届かない祈りは、舌に載せるたびに体が痺れて呼吸ができなくなる
わたしに向けられた思いを全身で受けて、全身で聴く。それはきっととても心地いいだろうと思う。
ひとというのは最初こそ貰う側やけんど、いずれは与える側にならないかん。いつまでも、貰ってばかりじゃいかんのよ。
読んで感じたこと
「声をあげても届かない」経験を持つ人は、きっと少なくないと思います。家庭で、学校で、職場で.…。無視されること、軽んじられること、存在を否定されること。その積み重ねが、人をどれだけ孤独に追いやるのかを、この本は容赦なく描いています。
けれど同時に、「人と人がつながることの奇跡」を信じさせてくれる。貴瑚と少年が少しずつ心を開き、互いの孤独を分かち合っていく姿に、胸の奥で何かがほどけていくような温かさを覚えました。届かない声でも必死に声をあげ続けたら、誰かに届く瞬間がある。届かなかった声が、思いがけない人に届くことがある。その希望を「52ヘルツ」というモチーフに託した著者のまなざしに、強い優しさを感じました。
まとめ
言葉の刃がダイレクトに心に突き刺さり、何度も読む手が止まってしまいました。読み進めるのが辛いのに、先が気になって読んでしまう。そんな不思議な小説でした。

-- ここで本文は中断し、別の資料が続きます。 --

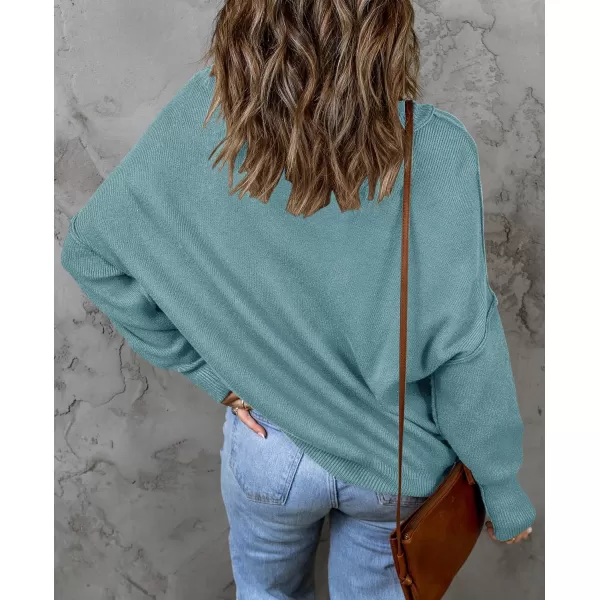 imageZESICA Womens 2023 Fall Casual Long Sleeve Crew Neck Side Slit Oversized Ribbed Knit Pullover Sweater TopsLake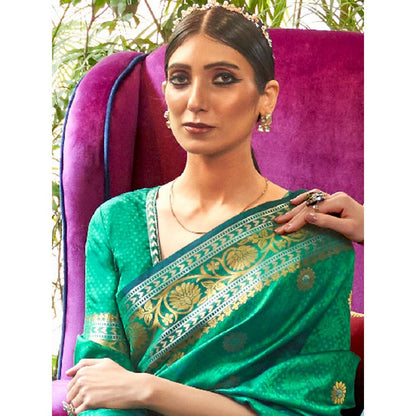 Dress & Dazzle Garden Green Kanjivaram Silk Saree with Unstitched Blouse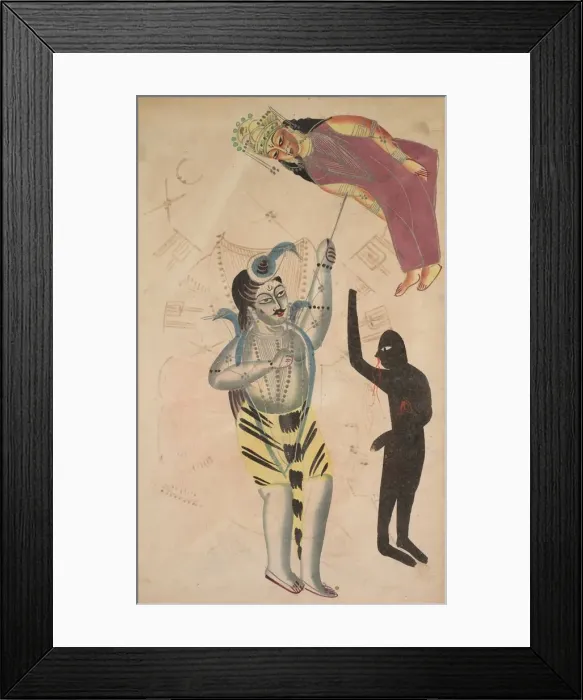 Framed Print : Shiva Bearing Aloft the Body of His Sati, 1800s. Creator: Unknown Framed Print : Shiva Bearing Aloft the Body of His Sati, 1800s. Creator: Unknown
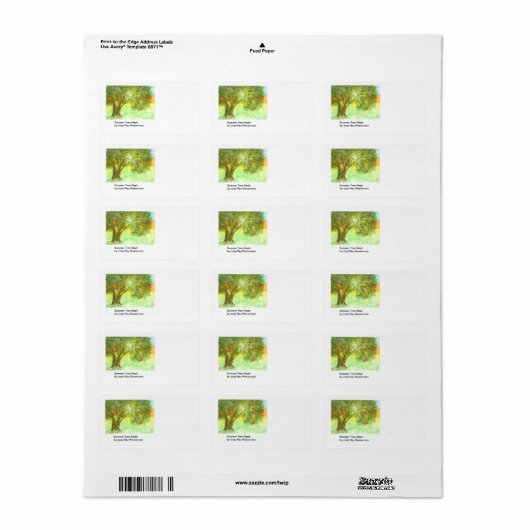 Arbre d'été Aleph Étiquette (Feuille entière)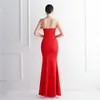 Casual Dresses Red Strapless Off The Shoulder Bodycon Prom Wedding Dress For Women Sleeveless Sexy Split Mermaid Evening Party Vestidos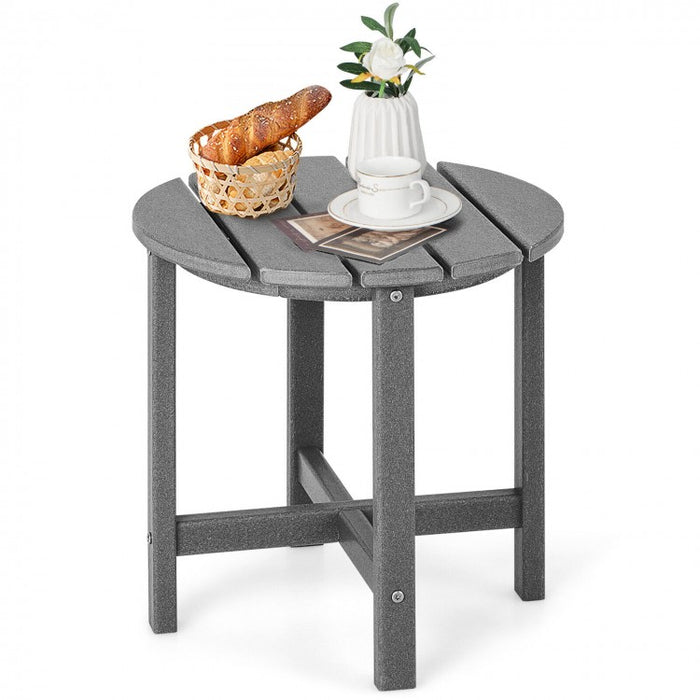 Costway Modern Round Coffee Table Wood - Suitable for Patio, Backyard, Pool, and Cafe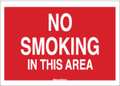 Brady No Smoking Sign, 7" H, 10" W, Polyester, Rectangle, English, 88439 88439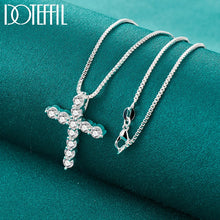 DOTEFFIL 925 Sterling Silver 18 Inch Box Chain AAA Zircon Cross Pendant Necklace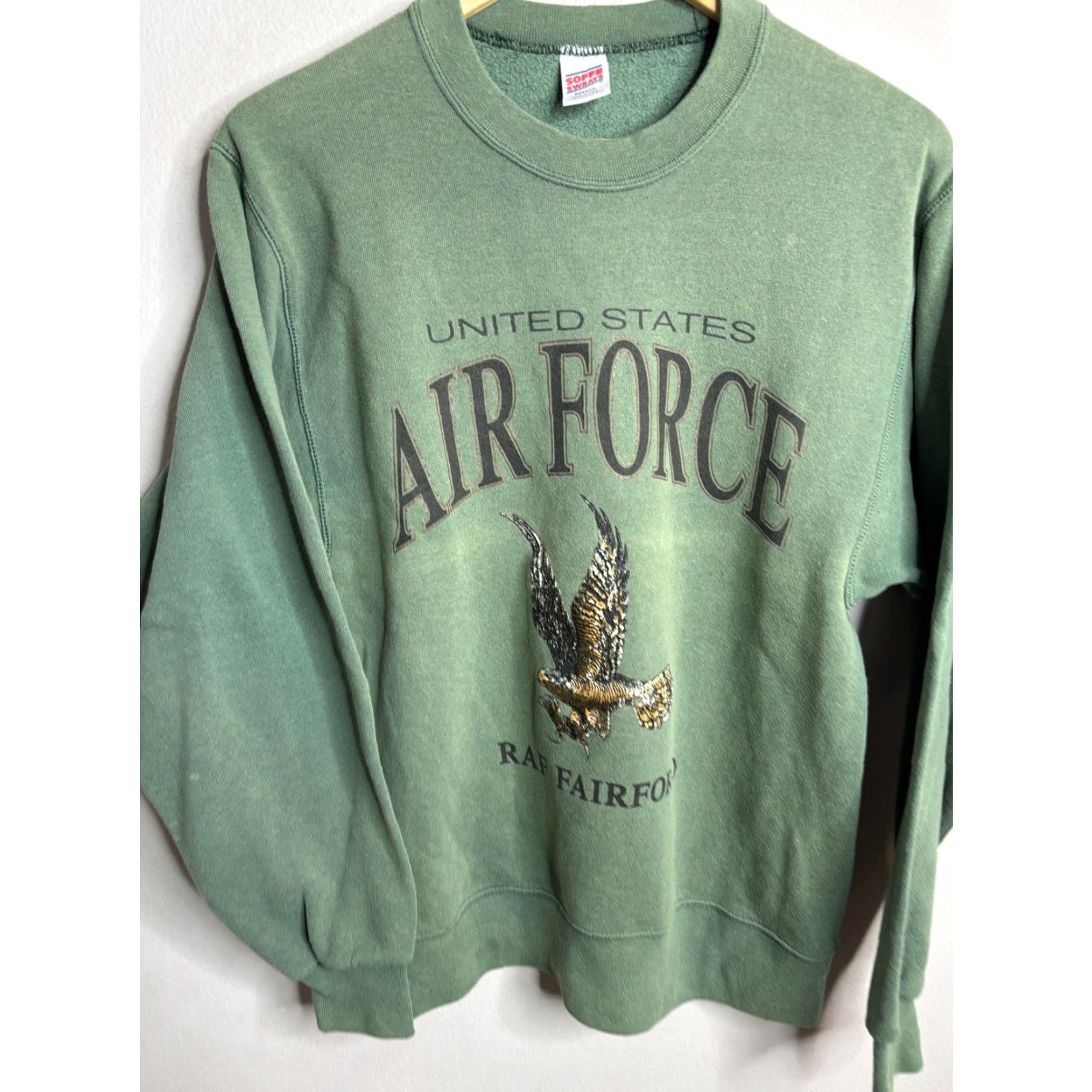 Soffe VINTAGE Soffe Sweatshirt Mens Small Green RAF Fairford Crewneck USA Size US S / EU 44-46 / 1 - 2 Thumbnail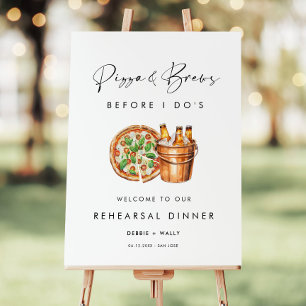 Pizza & Brews Before I Do's Rehearsal Dinner Foam Board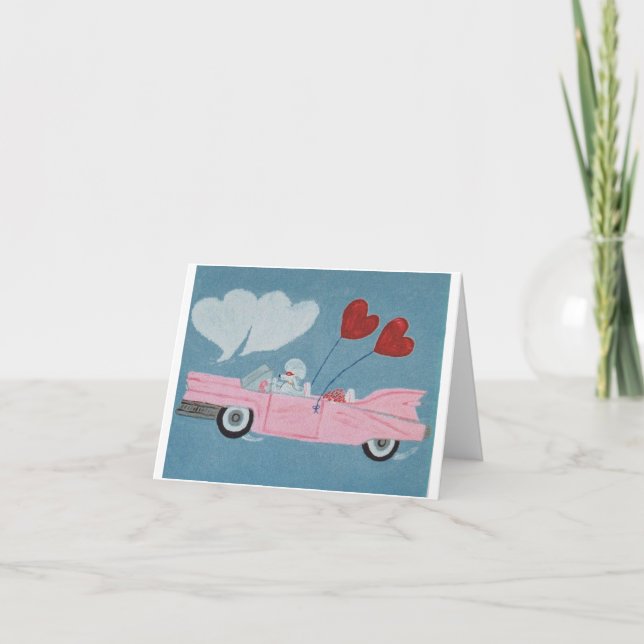 Pudel in rosa Cabrio Einladung (Vorderseite)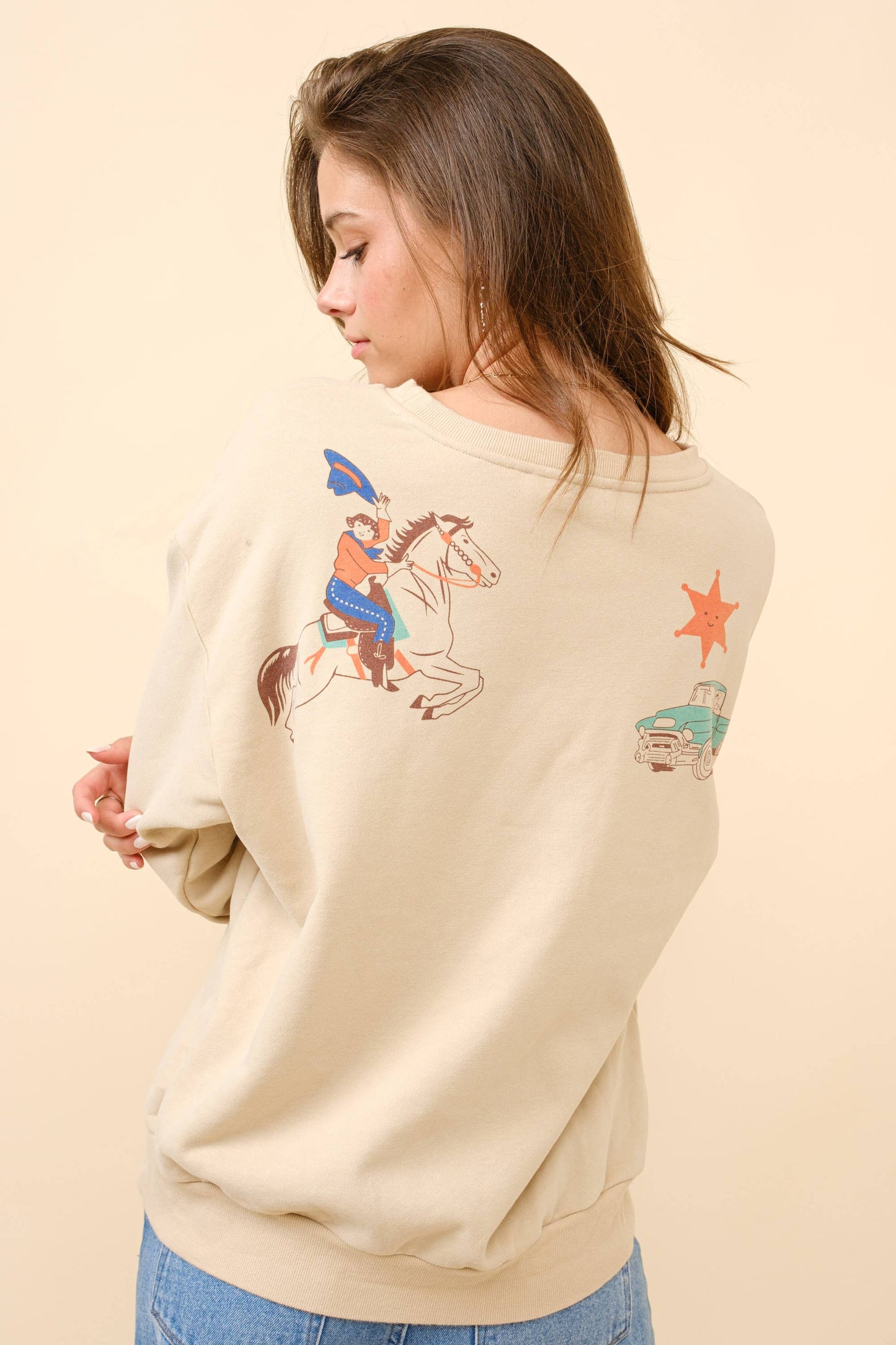 36146T - Western Graphic Howdy Sweatshirt: TAUPE / S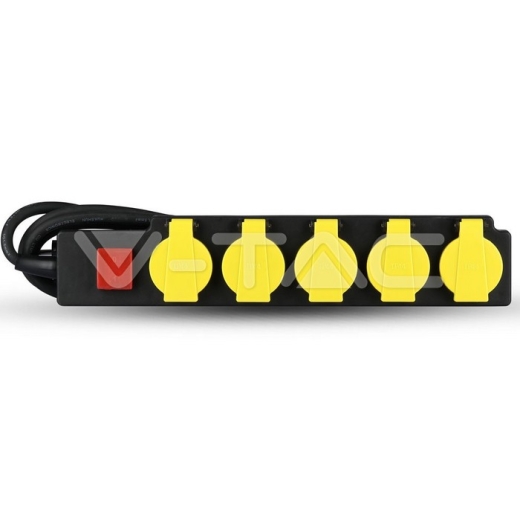 Regleta base 5 enchufes 3G 1.5mm x 3m IP44 negro & amarillo - 2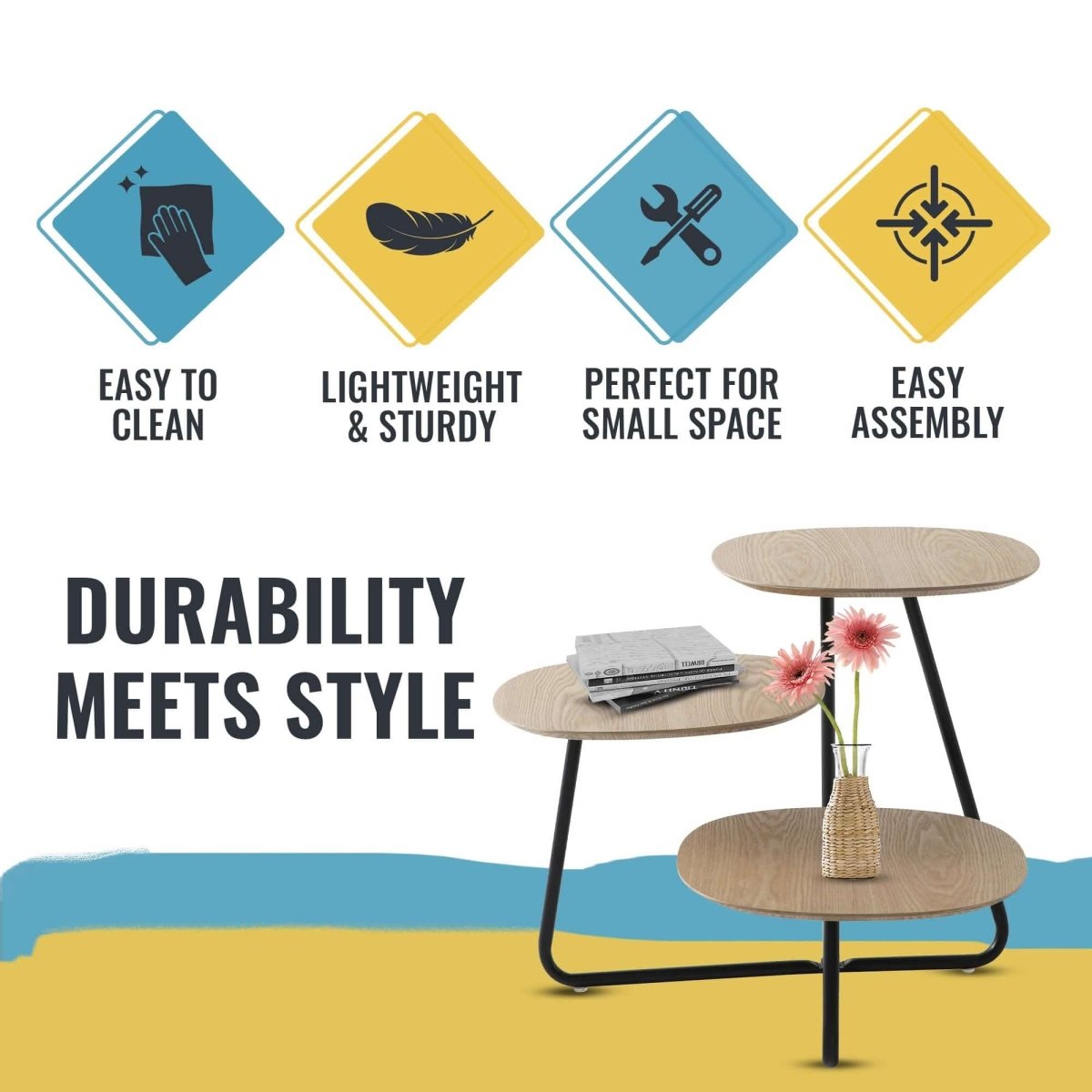 Hazelton Multi - Top End Tables with Manufactured Wood Top and Powder Coated Steel Frame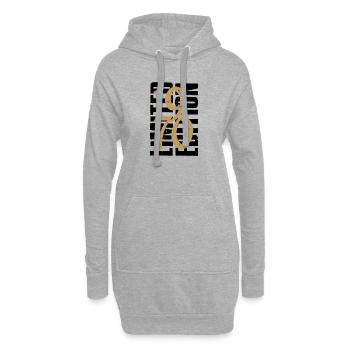 Vintage 1970 - Hoodie-Kleid - Grau meliert - Vorne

誰だって、辛くて寂しくて眠れない夜はあると思います。
世の中にはそんな人が沢山いる。声をあげてる人が沢山いる。
「あなたの声はきっと誰かに届く」
1人じゃない。そう思えるだけで、少しだけ生きやすくなる気がします。
あなたの52ヘルツの声が届くべきところに届きますように。